Step 6 Persist Bundle

In order to preserve the generated Resource IDs, the bundles are created with PUT requests, instead of POST requests. This bundle is sent to the FHIR Server for processing.

Exception for `Patient`

The Patient resource is considered a local cache of PDS. In PDS, the NHS Number is used as the resource ID. To remain consistent with the upstream data source, we will also use the NHS Number in the FHIR Server.

As a result:

Liquid mapping will reference Patient using the NHS Number: "Patient/{NhsNumber}"
No post processing is required. If the Patient does not exist, it will be retrieved and persisted on read.
The PatientModule handles GET /Patient/<NhsNumber> using the existing SearchStrategy logic (read locally, and if required read upstream and persist).
Patient will be persisted as-is from PDS.
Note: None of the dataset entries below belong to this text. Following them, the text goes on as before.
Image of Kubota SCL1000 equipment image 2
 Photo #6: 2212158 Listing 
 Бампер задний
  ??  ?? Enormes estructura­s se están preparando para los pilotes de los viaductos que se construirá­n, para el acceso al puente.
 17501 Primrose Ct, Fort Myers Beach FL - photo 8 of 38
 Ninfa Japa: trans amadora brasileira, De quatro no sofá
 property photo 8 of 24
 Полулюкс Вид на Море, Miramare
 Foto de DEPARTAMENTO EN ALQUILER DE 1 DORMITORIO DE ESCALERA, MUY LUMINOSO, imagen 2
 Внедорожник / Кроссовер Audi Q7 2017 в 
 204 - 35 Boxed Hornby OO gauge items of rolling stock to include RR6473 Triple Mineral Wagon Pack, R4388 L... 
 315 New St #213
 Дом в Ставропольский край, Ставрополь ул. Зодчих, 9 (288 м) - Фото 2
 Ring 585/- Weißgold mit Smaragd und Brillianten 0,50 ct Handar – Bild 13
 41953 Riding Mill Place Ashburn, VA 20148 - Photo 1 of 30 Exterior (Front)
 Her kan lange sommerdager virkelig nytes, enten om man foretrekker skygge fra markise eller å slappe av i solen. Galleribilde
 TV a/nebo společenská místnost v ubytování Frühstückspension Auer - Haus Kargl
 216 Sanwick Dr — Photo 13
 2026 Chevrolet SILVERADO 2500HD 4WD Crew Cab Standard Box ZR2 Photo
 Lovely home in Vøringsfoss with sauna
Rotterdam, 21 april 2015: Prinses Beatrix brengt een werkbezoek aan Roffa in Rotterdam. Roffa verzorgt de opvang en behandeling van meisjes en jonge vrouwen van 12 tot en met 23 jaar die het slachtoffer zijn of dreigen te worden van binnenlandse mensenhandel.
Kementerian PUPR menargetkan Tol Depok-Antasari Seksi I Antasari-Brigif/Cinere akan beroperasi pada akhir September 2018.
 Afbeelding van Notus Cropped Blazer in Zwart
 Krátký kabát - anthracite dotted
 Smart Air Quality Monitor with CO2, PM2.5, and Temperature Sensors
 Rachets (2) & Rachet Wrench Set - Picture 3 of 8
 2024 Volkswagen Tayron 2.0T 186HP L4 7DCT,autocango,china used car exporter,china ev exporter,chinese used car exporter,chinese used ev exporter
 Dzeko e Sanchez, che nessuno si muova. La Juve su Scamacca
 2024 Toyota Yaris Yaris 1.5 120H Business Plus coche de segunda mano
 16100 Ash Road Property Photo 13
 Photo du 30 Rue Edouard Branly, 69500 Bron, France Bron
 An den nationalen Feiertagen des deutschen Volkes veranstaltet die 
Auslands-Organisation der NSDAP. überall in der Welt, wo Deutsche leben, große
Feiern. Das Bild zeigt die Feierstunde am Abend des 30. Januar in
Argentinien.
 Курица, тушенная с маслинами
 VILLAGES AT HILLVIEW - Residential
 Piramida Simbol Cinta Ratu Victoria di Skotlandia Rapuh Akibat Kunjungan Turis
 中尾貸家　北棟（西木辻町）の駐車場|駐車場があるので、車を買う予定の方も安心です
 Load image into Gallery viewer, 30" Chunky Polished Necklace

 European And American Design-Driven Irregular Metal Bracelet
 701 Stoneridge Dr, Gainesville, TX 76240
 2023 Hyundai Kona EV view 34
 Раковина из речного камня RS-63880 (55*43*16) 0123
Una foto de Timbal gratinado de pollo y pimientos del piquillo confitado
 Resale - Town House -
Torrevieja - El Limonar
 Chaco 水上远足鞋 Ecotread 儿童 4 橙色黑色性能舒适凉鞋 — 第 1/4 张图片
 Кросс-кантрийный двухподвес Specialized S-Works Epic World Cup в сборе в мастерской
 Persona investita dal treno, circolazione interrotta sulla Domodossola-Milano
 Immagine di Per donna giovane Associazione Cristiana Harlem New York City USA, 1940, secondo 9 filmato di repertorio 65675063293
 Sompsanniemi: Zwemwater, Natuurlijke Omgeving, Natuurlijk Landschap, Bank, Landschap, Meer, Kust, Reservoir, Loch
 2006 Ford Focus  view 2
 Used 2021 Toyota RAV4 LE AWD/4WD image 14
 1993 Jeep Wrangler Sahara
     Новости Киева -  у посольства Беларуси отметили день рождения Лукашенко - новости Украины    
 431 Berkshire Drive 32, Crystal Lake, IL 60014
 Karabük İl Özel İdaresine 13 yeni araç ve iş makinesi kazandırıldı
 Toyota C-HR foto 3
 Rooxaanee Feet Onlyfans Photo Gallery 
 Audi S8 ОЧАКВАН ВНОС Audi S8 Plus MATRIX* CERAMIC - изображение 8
It is possible other resources may need to follow a similar pattern - typically when the referenced resource is owned by a national system. For example, E-Referral Service, or E-Prescribing Service.

Limitations of design

This design does include some limitations we should be aware of:

Using a generated literal ID to reference a resource lacks a referential integrity check. For example, while the generated ID would be valid, the Encounter we are referencing may not exist. By design, the FHIR Server does not enforce referential integrity among FHIR resources.
This is by-design for Patient. For this resource, we will persist-on-read.
For other resources, we could iterate the bundle post-mapping and validate the references have integrity. This would require a number of requests to GET /{ResourceType}/{Id}.
Mapping has no control over the referenced resource. Therefore, we are unable to update the bi-directional reference. For example, we could map a literal reference from a Condition to an Encounter. However, unless the Encounter is also in the bundle, we are unable to update the Encounter to also reference the Condition.
A potential mitigation would be to iterate the bundle post-mapping and ascertain which referenced resources would also require updating. These could be appended to the bundle. This is considered non-trivial, and would likely require mapping configuration.